▸ Problem requirements: Find the line with "Penguin, Sub-Antarctic, South" in the records below. Copy it and every line after it, up to and including the line with "Zierliche Elfenblume 'Niveum'".

▸ Entries provided:
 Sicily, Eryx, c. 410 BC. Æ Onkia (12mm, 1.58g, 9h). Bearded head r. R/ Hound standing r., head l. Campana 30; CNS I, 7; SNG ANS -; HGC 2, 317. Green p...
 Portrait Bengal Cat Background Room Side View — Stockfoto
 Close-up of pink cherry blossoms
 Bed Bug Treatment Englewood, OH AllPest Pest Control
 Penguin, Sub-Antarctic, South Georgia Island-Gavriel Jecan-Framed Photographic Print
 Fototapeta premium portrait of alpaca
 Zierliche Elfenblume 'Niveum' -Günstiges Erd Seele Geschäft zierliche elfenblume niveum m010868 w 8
* * *
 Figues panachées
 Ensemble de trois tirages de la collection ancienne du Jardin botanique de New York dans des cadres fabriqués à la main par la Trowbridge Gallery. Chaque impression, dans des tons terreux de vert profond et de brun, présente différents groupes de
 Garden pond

▸ Completed task:
 Penguin, Sub-Antarctic, South Georgia Island-Gavriel Jecan-Framed Photographic Print
 Fototapeta premium portrait of alpaca
 Zierliche Elfenblume 'Niveum' -Günstiges Erd Seele Geschäft zierliche elfenblume niveum m010868 w 8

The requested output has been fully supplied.